Al menos en Chile existen tres razones específicas que explican el desconcertante episodio que estamos viviendo, pero que, lamentablemente, no permiten proyectar sus efectos en el futuro inmediato.
En primer lugar, es efectivo que el crecimiento del ingreso per cápita, por sobre US$ 15.000 anuales, ha abierto las puertas, en lo doméstico, a un mercado sobresaturado de productos y, en lo educacional, a la creación de numerosas universidades, provocando, de paso, un nefasto anhelo consumista. Este fenómeno ha elevado los niveles de endeudamiento personal, lo cual, a su vez, ha restringido beneficios y expectativas (piénsese sólo en la cantidad de vehículos, televisores, teléfonos celulares, artículos de la llamada línea blanca, vendidos en los últimos años), desatando una insatisfacción creciente. A esta realidad responden consignas ya vastamente extendidas como aquella de que “no puede arrastrarse una mochila tan pesada”, “no al lucro”, “educación gratis para todos”, etcétera.
En segundo lugar, ha surgido una “clase media” mayoritaria, con formación universitaria de primera generación, que reclama con justicia mayores oportunidades y que observa un crecimiento de la riqueza injustamente distribuida. El título profesional que, en cierta medida, reemplazó en un pasado no lejano al título nobiliario, hoy lo posee o aspira a él un porcentaje muy elevado de quienes concluyen sus estudios de enseñanza media (35%). Un cambio tan importante en la composición de la sociedad acarrea trastornos y ajustes difíciles de prever y superar a corto plazo.

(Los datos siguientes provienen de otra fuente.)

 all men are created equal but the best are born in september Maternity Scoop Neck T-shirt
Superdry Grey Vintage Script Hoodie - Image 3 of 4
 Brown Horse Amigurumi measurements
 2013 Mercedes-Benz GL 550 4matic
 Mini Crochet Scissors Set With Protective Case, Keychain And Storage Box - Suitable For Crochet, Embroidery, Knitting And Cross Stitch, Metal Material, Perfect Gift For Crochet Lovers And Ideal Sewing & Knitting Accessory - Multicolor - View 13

En tercer lugar, a lo anterior debe unirse el efecto de una revolución tecnológica, que nadie previó ni consideró posible, la cual facilita la movilización social, amplía el ámbito de la información, provoca la globalización de la economía y el derecho, estimula las relaciones internacionales y transforma los problemas hasta ayer nacionales en problemas mundiales.

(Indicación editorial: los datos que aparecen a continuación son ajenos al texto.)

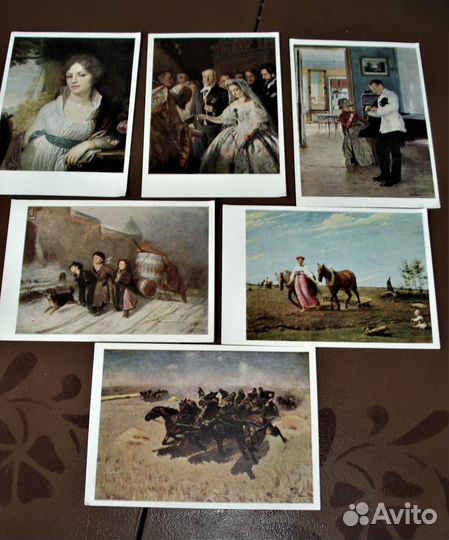 Набор открыток Третьяковская галерея 1956г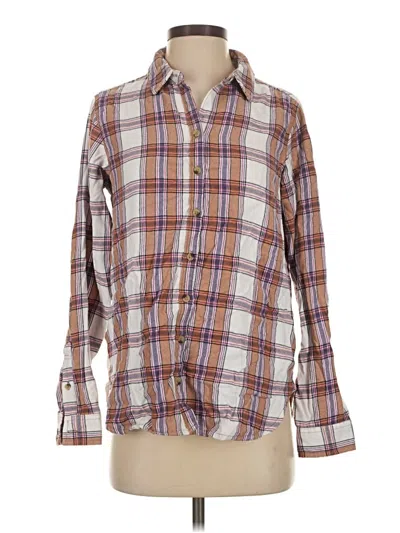 Pre-owned Jachs Girlfriend Long Sleeve Button Down Shirt In Brown
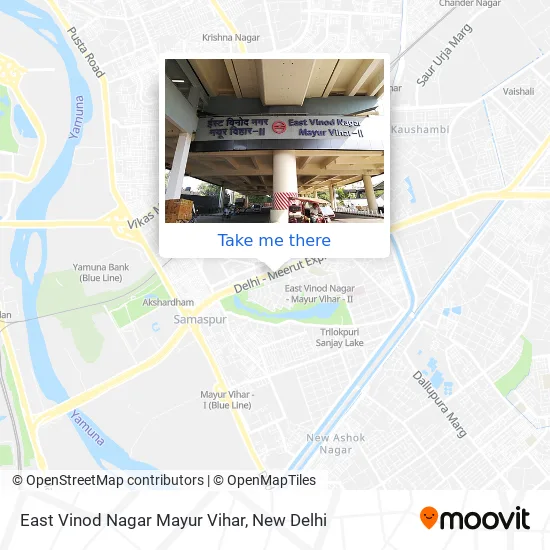 East Vinod Nagar Mayur Vihar map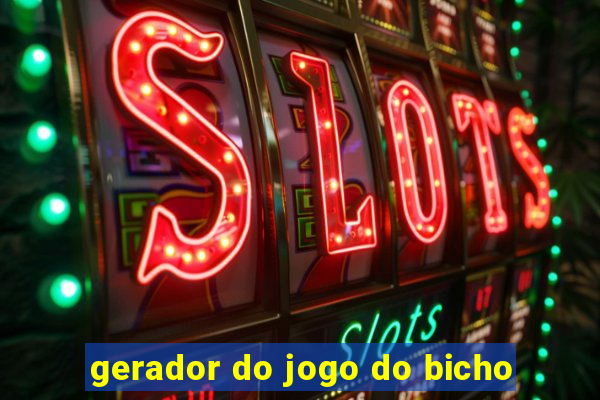 gerador do jogo do bicho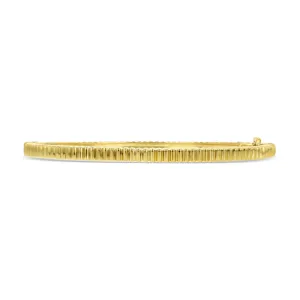 Textured Yellow Gold Bangle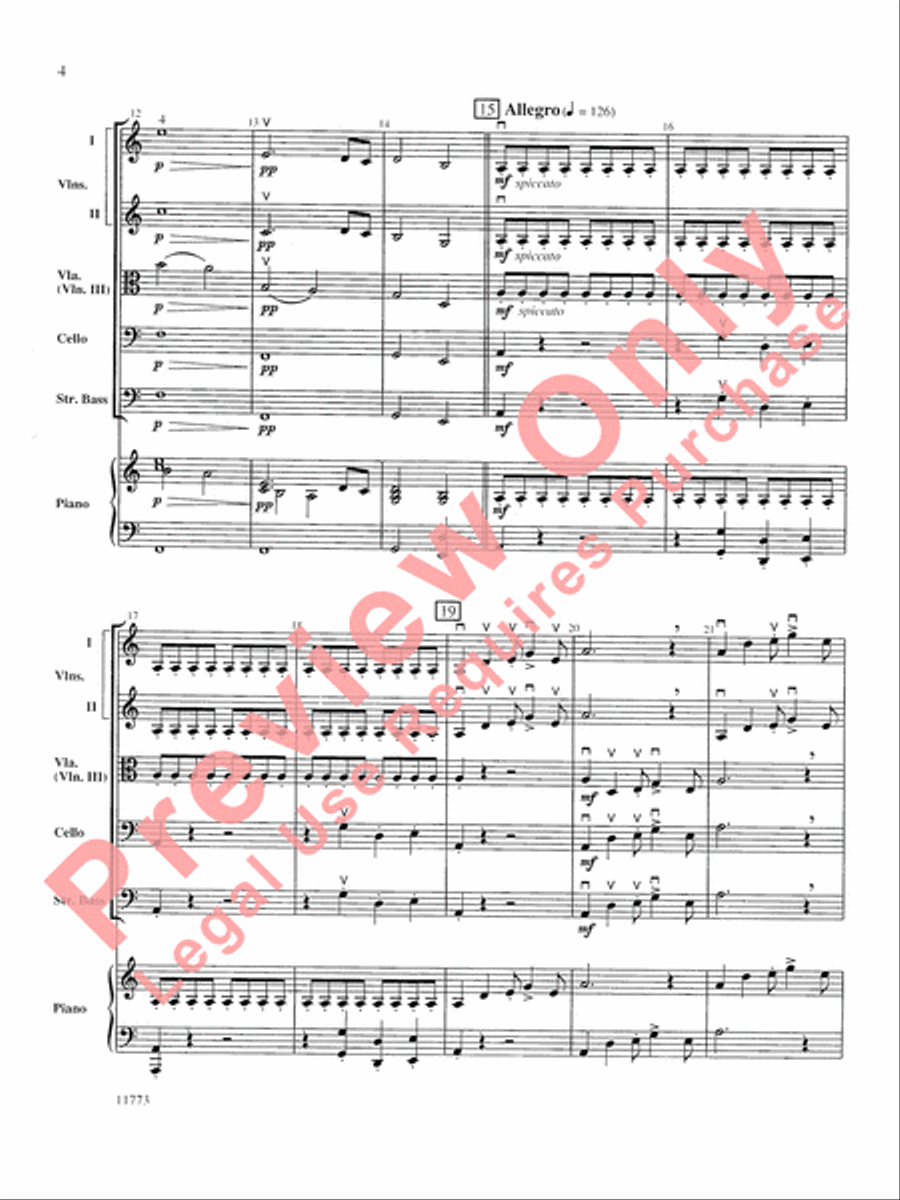 Dramatic Essay String Orchestra scores gallery preview page 5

Como consecuencia de estos tres factores, ha sobrevenido el colapso de las élites, las cuales no han sido sustituidas, proyectándose una sensación de crisis por falta de conducción y liderazgo. No se trata de corrientes políticas, sino de ideales, preferencias, sueños, utopías, modelos que emular. Si se revisa la historia de este país se descubrirá que la primera élite que influyó en forma determinante en nuestro destino fue un puñado de españoles (los conquistadores y sus descendientes). La aristocracia castellano-vasca sustituyó a aquella élite, dominando de modo incontrarrestable hasta 1920. Ese año empieza a surgir una élite profesional, proveniente de una clase media intelectualizada, formada de preferencia en la Universidad de Chile, y que mantiene su influencia hasta el quiebre institucional de 1973. A partir de ese momento, el país se reordena, echa las bases del desarrollo, adopta un modelo diferente y rompe la barrera del inmovilismo económico a que nos condujo la política “cepaliana” de sustitución de importaciones. Pero no se forma una nueva élite (el gran vacío del gobierno militar) y los valores espirituales se desperdigan, predomina el razonamiento materialista, hedonista y permisivo (fruto de la nueva realidad), y los grandes ideales que un día nos hicieron soñar quedan relegados a un segundo plano o simplemente desaparecen. De aquí nace la protesta desvertebrada y la violencia irracional.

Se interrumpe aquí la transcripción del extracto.